I'm getting the Kirkwood season pass this time... No more dodgeridge. I wish I would have gone...if we get another storm I'm going..


----------



## scotty100 (Apr 3, 2012)

I managed to get up to Northstar fri-sun, was better than I expected. Northstar has done a good job managing the drought conditions and with the storm on thursday it was a pretty good weekend.

If the predicted snow arrives for thursday this week I think I'll check out kirkwood.

Like the vid kirkrider...soundtrack takes it up a notch:thumbsup:


----------



## binarypie (Nov 29, 2009)

I was up at kirkwood on Saturday. It was better than I expected but not great.


----------



## KIRKRIDER (Mar 18, 2008)

Gentlemen...wax your powder boards. 3 to 5 FEET expected by sunday. Better let me pass on 88 or drive a little faste for that first chair Sunday. :yahoo:


----------



## czoid74 (Jan 18, 2013)

KIRKRIDER said:


> Gentlemen...wax your powder boards. 3 to 5 FEET expected by sunday. Better let me pass on 88 or drive a little faste for that first chair Sunday. :yahoo:


oh dam!!!!!! :yahoo::eusa_clap:


----------



## Tatanka Head (Jan 13, 2014)

KIRKRIDER said:


> Gentlemen...wax your powder boards. 3 to 5 FEET expected by sunday. Better let me pass on 88 or drive a little faste for that first chair Sunday. :yahoo:


As a native Californian, congrats on the snow...the state needs it. You know, it is the bay area drivers that get the reputation for slowing down the pace of traffic. Bay area drivers are to the Sierra Nevadas as the Dutch drivers are to the Swiss alps.


----------



## czoid74 (Jan 18, 2013)

:thumbsup:


czoid74 said:


> oh dam!!!!!! :yahoo::eusa_clap:


FEET not inches!!!!! nice!!


----------



## KIRKRIDER (Mar 18, 2008)

Tatanka Head said:


> As a native Californian, congrats on the snow...the state needs it. You know, it is the bay area drivers that get the reputation for slowing down the pace of traffic. Bay area drivers are to the Sierra Nevadas as the Dutch drivers are to the Swiss alps.

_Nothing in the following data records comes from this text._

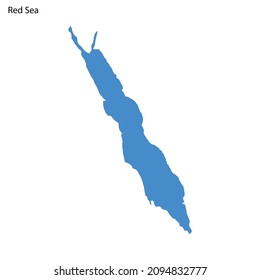 Mapa de esquema azul del Mar Rojo, silihouette vectorial aislada sobre fondo blanco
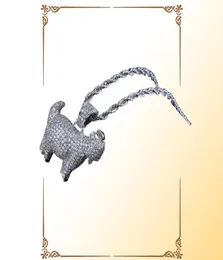 Glänzende trendige Ziegenziege Anhänger Halskette Charme für Männer Frauen Gold Silber Farbe kubisch Zirkon Hip Hop Jewelry7212303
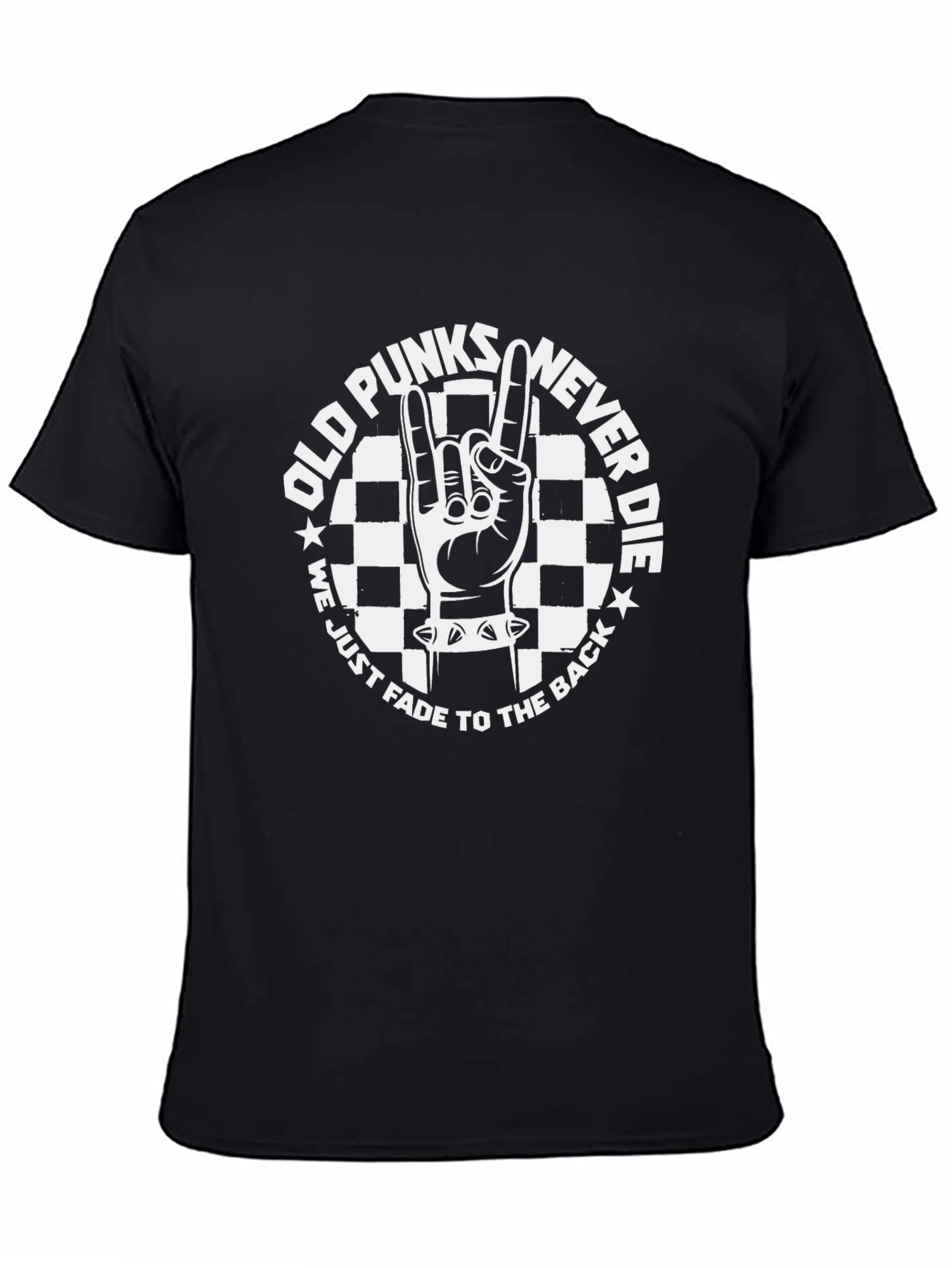 Old Punks Never Die Black Graphic T-Shirt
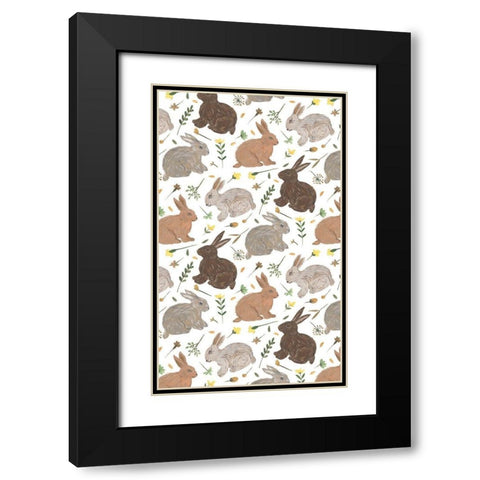 Happy Bunny Day Collection E Black Modern Wood Framed Art Print with Double Matting by Wang, Melissa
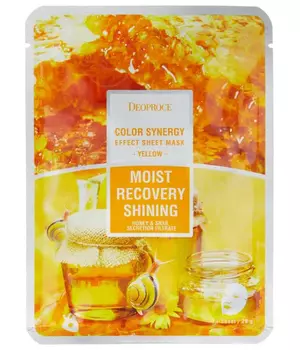 Маска тканевая на основе фильтрата улитки и мёда DEOPROCE COLOR SYNERGY EFFECT SHEET MASK YELLOW 20g 20гр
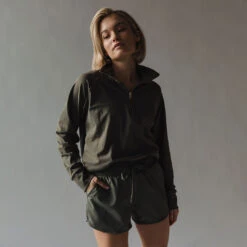 The Gotta Run 1/4 Zip, Olive -Clothing Promotional Store 369A8529final 1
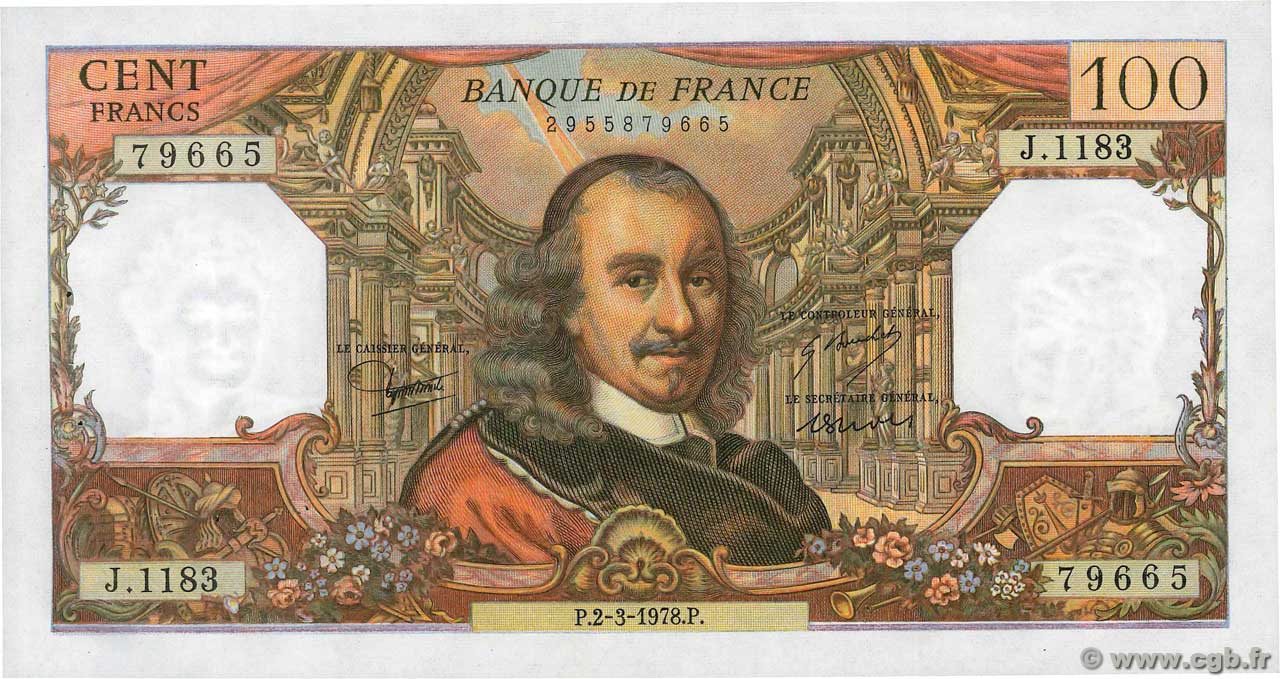 100 Francs CORNEILLE FRANCIA  1978 F.65.62 EBC+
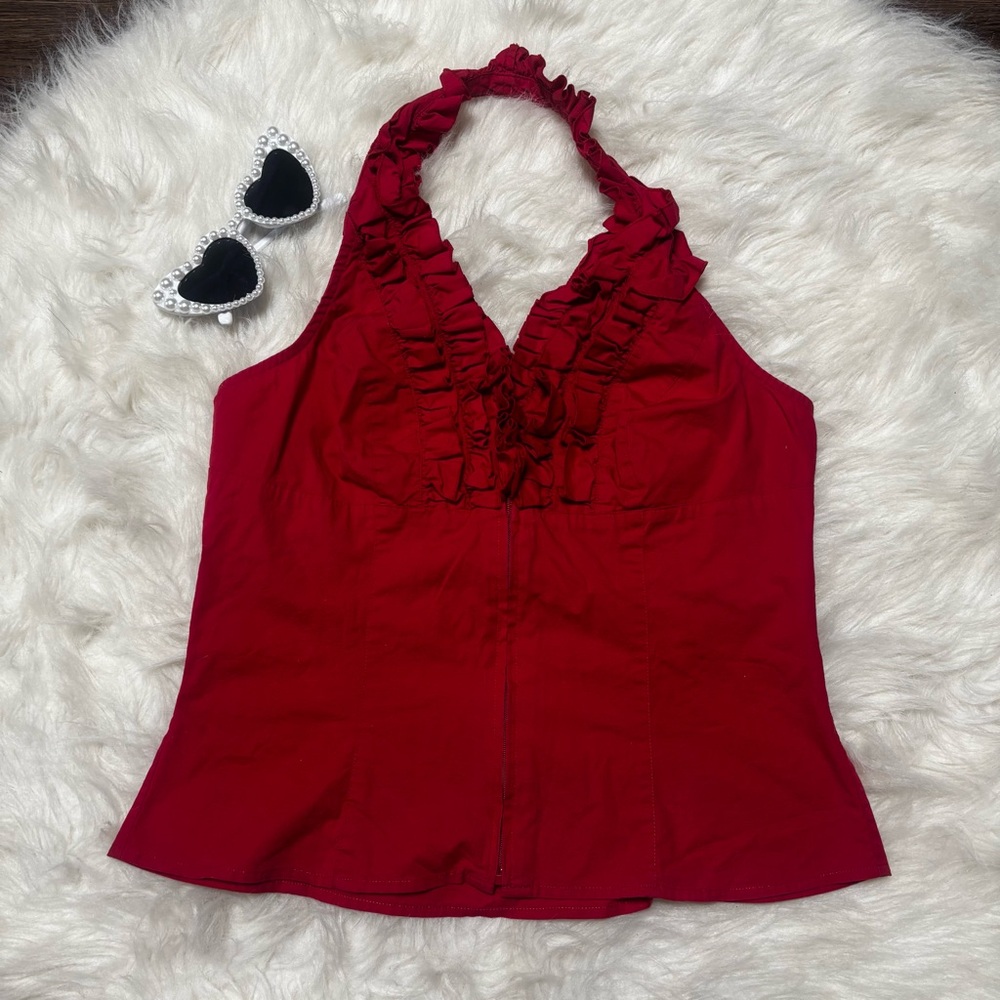 Moda International Y2K Pin-Up Vintage Red Ruffled Halter Zip Up Top size Medium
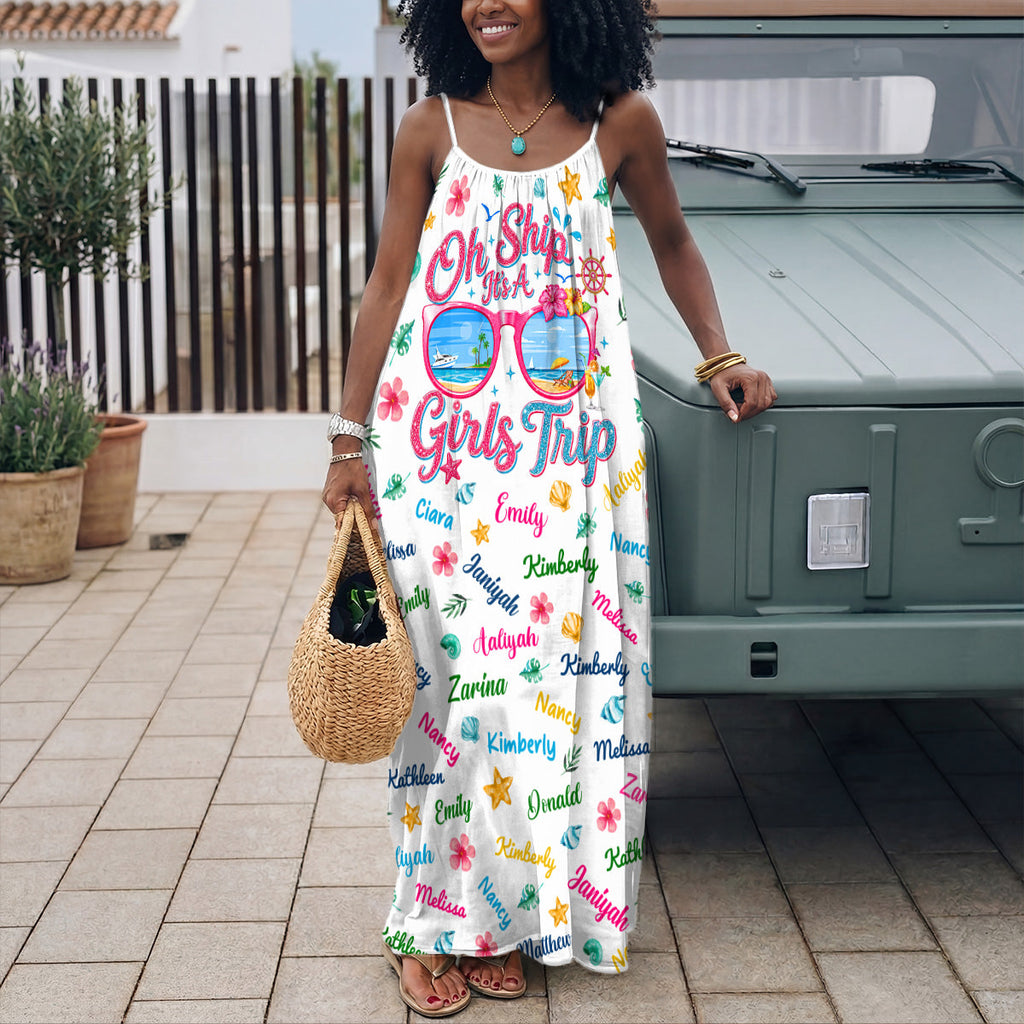 Oh Ship It's A Girls Trip - Personalized Backless Cami Maxi Dress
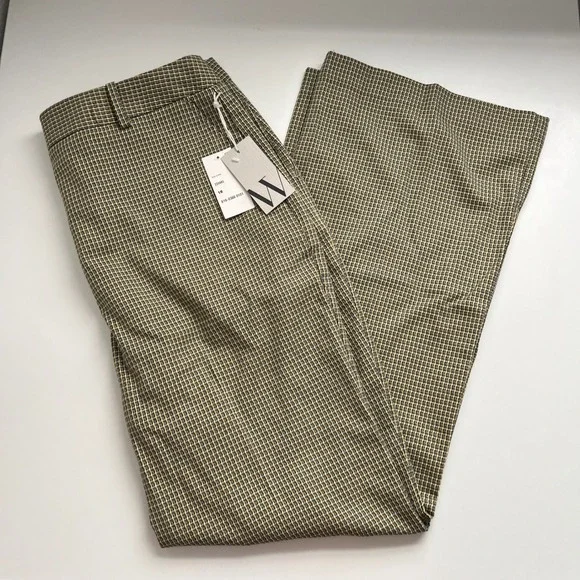Worthington Women's Plaid Flare Leg Career Pants Size 16 NWT Micro Houndstooth - Picture 1 of 6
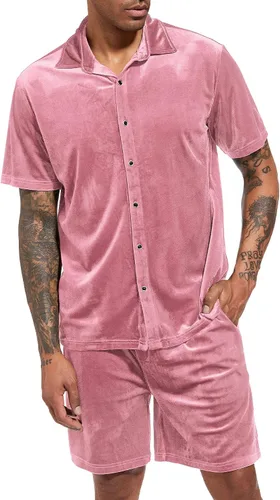 Miniatura 17 de LecGee Conjunto de pantalones cortos casuales de verano para hombre, camisa de terciopelo de manga corta con botones, pantalones cortos de cintura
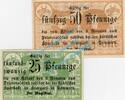 Kleingeld 1914-1922 2 Scheine kpl. Stargard , Notgeld Set mit 2 Scheinen in kfr. Tieste 7080.10.05-06 Pommern 1917 -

Eh, I have Italian driving habits ;-) Love when I get behind a local driver that knows the road and how to drive on snow. Always respect the road, but move on the side if it's too much for you. Now. should I give the Hovercraft to my son and ride the Arbor? Hmmmm... decisions decisions...


----------



## binarypie (Nov 29, 2009)

Going up tonight! Be there all weekend


----------



## KIRKRIDER (Mar 18, 2008)

binarypie said:


> Going up tonight! Be there all weekend


Working...Send reports on the Wall and Backside status! Shred!


----------



## scotty100 (Apr 3, 2012)

Going up tomorrow morning...breaking out the barracuda for the first time this season:yahoo:


----------



## KIRKRIDER (Mar 18, 2008)

My son and I coming up on sunday. Looks like the crux day. hmmm weekend waxing and tuning. See you Sunday EARLY ;-)


----------



## binarypie (Nov 29, 2009)

If anyone wants to meet up with my wife and I let me know.


----------



## KIRKRIDER (Mar 18, 2008)

binarypie said:


> If anyone wants to meet up with my wife and I let me know.


Sure!

Blues Subaru, Green jacket,, black pants, Oakley goggles, Hovercraft.


this guy:


----------



## Joe77 (Feb 7, 2013)

czoid74 said:


> is it worth spending the money right now? my pass is for dodgeridge which is closed still.:blink:


I'm on the same situation. Right now it sucks having a pass for dodgeridge. I should have spent that money on a nice pair of boots.


----------



## KIRKRIDER (Mar 18, 2008)

Gnarly yesterday. Should have stayed home. Got tot the Spur under pouring rain at 8, then thick snow. Closed until 11, very heavy snow after Caltrans opened it. Kwood was still on snow safety by 11:30, they opened 5 by 12:30 but visibility was nil. I was soaked after one run, despite my gear, goggles completely frozen, terrain would go from groomed to 6 ' of cement. No fun, dangerous actually. saw 2 people carried out (on chair 5 which is one of the easiest runs) within one hour.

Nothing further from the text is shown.